Southern Indiana officials respond to proposed Duke Energy rate increase

ANDREW HARP andrew.harp@newsandtribune.com Sep 20, 2024

SOUTHERN INDIANA — A few different local leaders in Southern Indiana have recently weighed in about the potential rate increase proposed by utility company Duke Energy.

On July 11, Josh Staten, senior director of business development and real estate at River Ridge Development Authority, provided a testimony before the Indiana Utility Regulatory Commission.

The commission is currently determining whether or not to approve a 16.2% base rate increase requested by Duke Energy to generate $491.5 million in annual income. Staten said the commission ought to deny the rate increase.

“Since our last base rate increase in 2020, we’ve invested $1.6 billion in our electric grid, power plants and overall system on behalf of our customers, including advanced technology that has helped prevent more than 185,000 power outages,” said Duke Energy Indiana President Stan Pinegar said in a statement in April.

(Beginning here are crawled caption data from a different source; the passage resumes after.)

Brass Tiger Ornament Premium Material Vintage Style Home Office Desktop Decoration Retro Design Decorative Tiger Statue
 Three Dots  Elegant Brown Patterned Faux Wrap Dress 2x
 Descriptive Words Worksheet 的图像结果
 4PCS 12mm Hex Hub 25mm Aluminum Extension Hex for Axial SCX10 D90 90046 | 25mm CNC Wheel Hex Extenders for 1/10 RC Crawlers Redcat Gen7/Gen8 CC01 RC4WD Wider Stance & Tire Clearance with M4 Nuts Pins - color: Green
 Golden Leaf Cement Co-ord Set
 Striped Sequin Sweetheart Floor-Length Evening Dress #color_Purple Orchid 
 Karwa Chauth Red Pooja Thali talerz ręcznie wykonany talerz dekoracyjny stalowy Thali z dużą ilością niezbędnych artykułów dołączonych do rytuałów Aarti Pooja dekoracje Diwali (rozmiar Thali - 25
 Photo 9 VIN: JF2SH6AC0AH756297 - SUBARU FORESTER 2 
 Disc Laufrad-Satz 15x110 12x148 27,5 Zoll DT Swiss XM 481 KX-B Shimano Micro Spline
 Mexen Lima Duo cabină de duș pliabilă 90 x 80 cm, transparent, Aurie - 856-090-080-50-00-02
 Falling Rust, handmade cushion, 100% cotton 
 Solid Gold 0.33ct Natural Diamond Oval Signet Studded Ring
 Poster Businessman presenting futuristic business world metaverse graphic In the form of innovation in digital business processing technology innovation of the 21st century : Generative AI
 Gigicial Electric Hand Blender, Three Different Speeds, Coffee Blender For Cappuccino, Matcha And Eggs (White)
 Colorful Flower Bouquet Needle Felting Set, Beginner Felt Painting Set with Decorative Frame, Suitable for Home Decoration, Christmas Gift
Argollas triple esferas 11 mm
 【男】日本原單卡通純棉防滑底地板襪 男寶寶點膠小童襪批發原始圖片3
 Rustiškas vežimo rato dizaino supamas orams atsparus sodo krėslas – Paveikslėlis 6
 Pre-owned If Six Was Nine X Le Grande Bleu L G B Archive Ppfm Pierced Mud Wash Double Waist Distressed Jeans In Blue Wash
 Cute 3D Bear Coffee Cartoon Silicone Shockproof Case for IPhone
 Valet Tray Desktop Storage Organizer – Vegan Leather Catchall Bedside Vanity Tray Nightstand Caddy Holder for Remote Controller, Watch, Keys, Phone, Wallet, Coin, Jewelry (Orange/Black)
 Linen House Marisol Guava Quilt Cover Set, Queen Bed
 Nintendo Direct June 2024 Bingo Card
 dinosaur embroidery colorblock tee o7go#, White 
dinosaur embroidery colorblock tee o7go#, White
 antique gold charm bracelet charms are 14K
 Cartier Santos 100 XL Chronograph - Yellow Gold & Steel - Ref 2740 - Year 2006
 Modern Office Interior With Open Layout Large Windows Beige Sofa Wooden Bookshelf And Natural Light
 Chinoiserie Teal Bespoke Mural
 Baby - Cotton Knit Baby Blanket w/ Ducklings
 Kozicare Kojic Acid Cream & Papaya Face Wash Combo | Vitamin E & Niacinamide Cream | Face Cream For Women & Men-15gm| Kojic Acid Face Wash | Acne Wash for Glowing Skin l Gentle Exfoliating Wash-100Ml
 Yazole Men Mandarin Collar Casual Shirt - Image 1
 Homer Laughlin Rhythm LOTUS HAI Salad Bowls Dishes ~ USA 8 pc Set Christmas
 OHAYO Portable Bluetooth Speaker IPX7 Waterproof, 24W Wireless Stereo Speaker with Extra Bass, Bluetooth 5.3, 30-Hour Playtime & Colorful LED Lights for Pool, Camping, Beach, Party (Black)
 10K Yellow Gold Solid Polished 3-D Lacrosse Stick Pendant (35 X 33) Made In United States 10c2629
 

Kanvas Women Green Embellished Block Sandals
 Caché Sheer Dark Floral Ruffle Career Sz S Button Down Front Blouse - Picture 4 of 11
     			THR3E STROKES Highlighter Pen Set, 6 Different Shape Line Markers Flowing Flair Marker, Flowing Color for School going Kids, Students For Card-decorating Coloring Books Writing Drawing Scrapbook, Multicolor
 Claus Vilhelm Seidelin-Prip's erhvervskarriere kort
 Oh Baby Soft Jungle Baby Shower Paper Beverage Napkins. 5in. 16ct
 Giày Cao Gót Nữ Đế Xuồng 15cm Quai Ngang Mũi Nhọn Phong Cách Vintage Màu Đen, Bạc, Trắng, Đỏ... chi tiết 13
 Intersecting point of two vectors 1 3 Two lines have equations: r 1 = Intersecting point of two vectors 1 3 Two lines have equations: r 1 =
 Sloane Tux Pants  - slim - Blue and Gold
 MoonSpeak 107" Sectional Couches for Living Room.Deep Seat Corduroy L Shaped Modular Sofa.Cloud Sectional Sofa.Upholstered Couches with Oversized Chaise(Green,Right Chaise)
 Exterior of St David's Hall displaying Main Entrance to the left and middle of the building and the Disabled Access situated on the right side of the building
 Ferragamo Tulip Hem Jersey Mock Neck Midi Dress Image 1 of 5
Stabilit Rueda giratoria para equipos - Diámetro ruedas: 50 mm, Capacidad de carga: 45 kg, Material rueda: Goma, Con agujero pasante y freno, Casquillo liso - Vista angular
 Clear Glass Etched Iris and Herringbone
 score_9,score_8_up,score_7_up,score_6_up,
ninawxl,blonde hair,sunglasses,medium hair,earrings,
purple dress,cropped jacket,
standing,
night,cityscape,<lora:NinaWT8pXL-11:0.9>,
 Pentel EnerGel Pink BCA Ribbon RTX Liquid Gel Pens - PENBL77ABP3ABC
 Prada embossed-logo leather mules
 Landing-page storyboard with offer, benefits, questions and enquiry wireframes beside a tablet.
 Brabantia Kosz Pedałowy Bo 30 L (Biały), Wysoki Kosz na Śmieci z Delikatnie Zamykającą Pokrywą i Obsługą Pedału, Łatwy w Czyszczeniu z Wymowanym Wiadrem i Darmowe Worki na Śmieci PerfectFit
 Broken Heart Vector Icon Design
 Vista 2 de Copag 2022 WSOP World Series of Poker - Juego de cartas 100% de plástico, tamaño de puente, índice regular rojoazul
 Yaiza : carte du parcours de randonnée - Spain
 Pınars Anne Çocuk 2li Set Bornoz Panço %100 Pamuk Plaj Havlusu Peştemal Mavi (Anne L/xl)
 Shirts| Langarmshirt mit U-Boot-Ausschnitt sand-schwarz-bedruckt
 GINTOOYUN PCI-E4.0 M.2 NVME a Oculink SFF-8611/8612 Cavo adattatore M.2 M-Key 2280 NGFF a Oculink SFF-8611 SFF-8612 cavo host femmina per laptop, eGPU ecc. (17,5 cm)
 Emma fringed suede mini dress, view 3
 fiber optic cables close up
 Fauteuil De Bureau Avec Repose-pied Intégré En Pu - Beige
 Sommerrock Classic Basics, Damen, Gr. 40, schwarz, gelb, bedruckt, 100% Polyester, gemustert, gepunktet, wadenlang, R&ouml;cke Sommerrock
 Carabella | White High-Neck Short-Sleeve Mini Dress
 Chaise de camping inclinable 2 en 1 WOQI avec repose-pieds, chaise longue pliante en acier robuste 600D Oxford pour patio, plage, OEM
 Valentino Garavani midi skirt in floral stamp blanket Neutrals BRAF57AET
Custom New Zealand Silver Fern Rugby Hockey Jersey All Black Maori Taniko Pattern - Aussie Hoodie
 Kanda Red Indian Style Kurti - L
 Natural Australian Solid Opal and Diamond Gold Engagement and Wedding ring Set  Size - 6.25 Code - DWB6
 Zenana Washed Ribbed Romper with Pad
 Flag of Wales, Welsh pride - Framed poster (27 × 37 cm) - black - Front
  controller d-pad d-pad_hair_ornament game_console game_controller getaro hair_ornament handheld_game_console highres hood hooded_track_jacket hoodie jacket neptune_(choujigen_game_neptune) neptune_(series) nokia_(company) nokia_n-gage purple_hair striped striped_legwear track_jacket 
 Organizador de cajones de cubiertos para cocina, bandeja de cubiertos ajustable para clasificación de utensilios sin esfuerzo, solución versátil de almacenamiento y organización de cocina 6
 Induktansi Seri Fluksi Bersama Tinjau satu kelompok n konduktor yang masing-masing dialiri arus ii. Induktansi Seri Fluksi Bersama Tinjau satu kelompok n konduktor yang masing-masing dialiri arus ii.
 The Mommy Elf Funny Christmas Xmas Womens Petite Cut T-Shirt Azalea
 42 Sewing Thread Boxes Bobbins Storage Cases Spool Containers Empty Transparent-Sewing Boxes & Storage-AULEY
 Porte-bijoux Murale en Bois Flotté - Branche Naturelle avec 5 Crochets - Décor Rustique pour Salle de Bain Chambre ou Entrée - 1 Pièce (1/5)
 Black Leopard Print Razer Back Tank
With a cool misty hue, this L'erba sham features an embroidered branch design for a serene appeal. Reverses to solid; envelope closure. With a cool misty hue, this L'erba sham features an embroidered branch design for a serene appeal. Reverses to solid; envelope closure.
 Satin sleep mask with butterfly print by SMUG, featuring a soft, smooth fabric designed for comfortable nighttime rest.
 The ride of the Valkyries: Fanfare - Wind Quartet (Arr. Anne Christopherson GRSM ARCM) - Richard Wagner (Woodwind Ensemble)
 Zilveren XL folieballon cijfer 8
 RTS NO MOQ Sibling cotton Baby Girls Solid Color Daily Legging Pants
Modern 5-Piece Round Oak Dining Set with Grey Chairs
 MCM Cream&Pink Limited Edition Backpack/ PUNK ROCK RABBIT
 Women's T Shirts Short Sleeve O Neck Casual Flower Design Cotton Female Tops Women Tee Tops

Staten was asked several questions about how this rate increase may affect current and future businesses that are or want to bring their operations to the River Ridge Commerce Center.

Staten said electric rates is important in terms of whether or not a company wants to operate a business in a given area.

“Electric rates and the ability of a utility to meet the required electric capacity are often the difference between gaining or losing a project,” the testimony states.

He said a study was conducted and shown to the center where it discussed the center’s advantages and disadvantages. One of the primary disadvantages was the non-competitive electric rates, causing annual operating costs for business to go “well into the tens of thousands or even millions of dollars.”

Staten also said that he was worried not only about attracting new businesses but retaining the ones they already have.

He said a company operating with a high load factor receiving primary distribution service could see a 12.9% increase on their electric bill, which could also cause companies to cut back on their investment.

“Throughout the United States rising operating costs have hit business, and especially small businesses, extremely hard. They have had to delay potential expansions, the hiring of new employees, and expansion into new markets in order to operate in today’s economic climate,” he said.

Staten also discussed Duke Energy’s supposed “inability” to provide adequate energy service to River Ridge as the load increases.

River Ridge and Duke Energy sent emails between each other in July to discuss the state of the electric capacity in the area considering current and future developments. This portion of the testimony has several names and bits of information censored.

“We have genuine concerns that adequate service capacity at the RRCC may not be available until 2030 or beyond,” the testimony states.

A question was asked about Duke Energy’s capacity to serve a confidential project, and they initially said that it wouldn’t be until 2028/2029 that they’d be able to serve the additional load, and so it wouldn’t line up with the project’s required timeline.

“It is fundamentally unfair for customers to pay even higher rates when Duke Energy is unable to provide adequate service to meet the load within its territory,” it states.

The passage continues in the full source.